Cloud Dataproc is a fast, easy-to-use, fully-managed cloud service for running Apache Spark and Apache Hadoop clusters in a simpler, more cost-efficient way. Operations that used to take hours or days take seconds or minutes instead. Create Cloud Dataproc clusters quickly and resize them at any time, so you don't have to worry about your data pipelines outgrowing your clusters.

This lab shows you how to use gcloud on the Google Cloud to create a Google Cloud Dataproc cluster, run a simple Apache Spark job in the cluster, then modify the number of workers in the cluster.

Create a cluster

In Cloud Shell, run the following command to set the Region:

gcloud config set dataproc/region global

Run the following command to create a cluster called example-cluster with default Cloud Dataproc settings:

gcloud dataproc clusters create example-cluster

If asked to confirm a zone for you cluster. Enter Y.

Your cluster will build for a couple of minutes.

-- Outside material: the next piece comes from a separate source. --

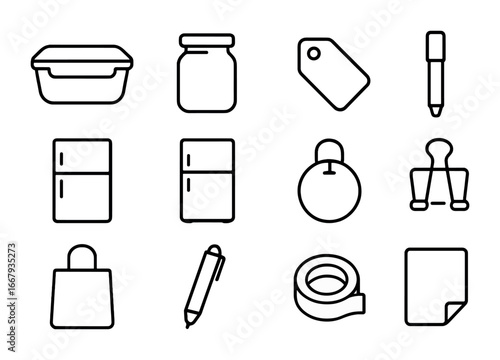 Eco-Friendly Storage Icons. Outline icon set of eco-friendly storage: reusable container, glass jar, label,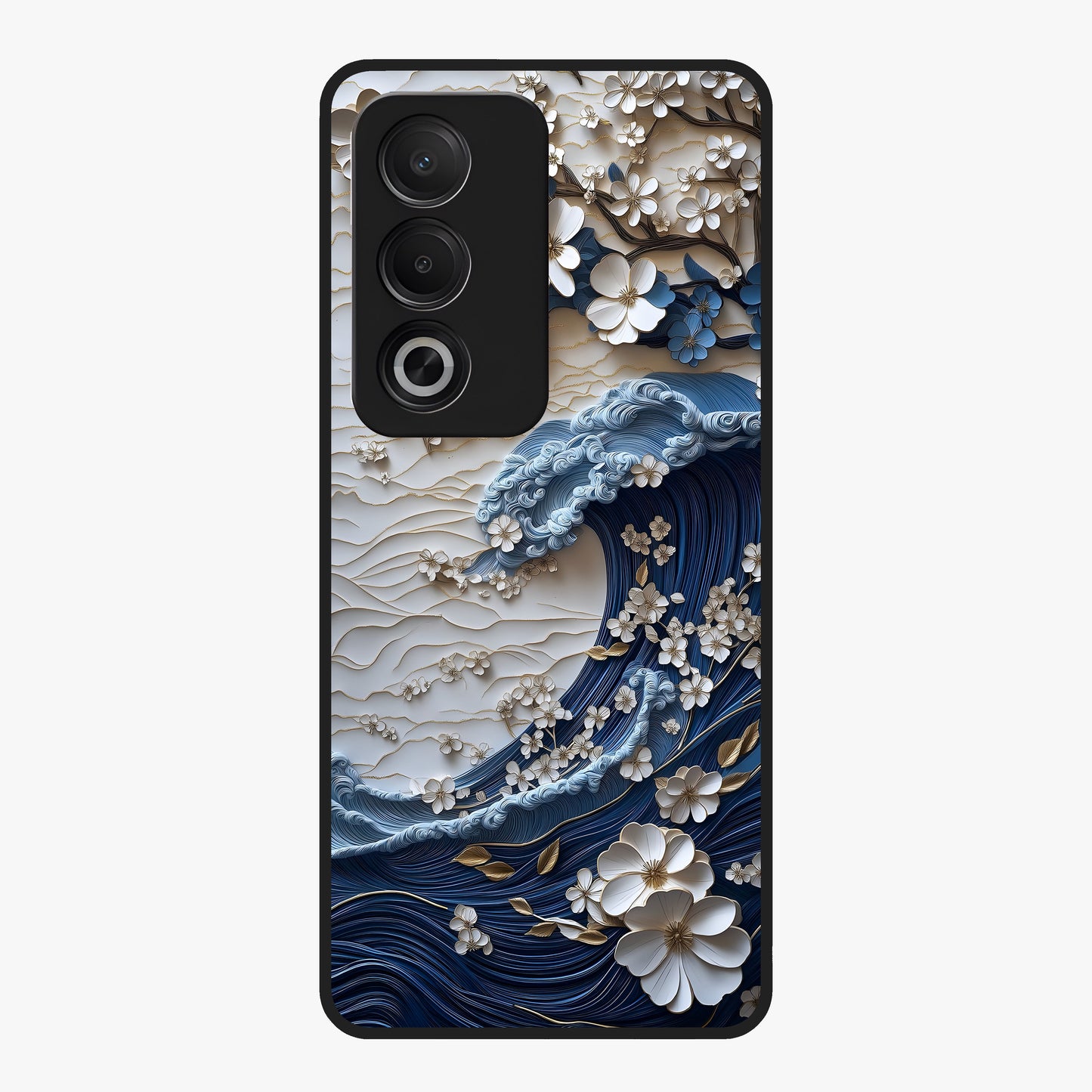 Floral Wave Origami Glass Case showing flat back view with origami inspired floral wave artwork and glossy glass finish.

Waiting for cluster creation operation...done.
Created [... example-cluster]

When you see a "Created" message, you're ready to move on.

Submit a job

Run this command to submit a sample Spark job that calculates a rough value for pi:

gcloud dataproc jobs submit spark --cluster example-cluster \\
  --class org.apache.spark.examples.SparkPi \\
  --jars file:///usr/lib/spark/examples/jars/spark-examples.jar -- 1000

The command specifies:

That you want to run a spark job on the example-cluster cluster
The class containing the main method for the job's pi-calculating application
The location of the jar file containing your job's code
The parameters you want to pass to the job—in this case, the number of tasks, which is 1000

Parameters passed to the job must follow a double dash (--). See the gcloud documentation for more information.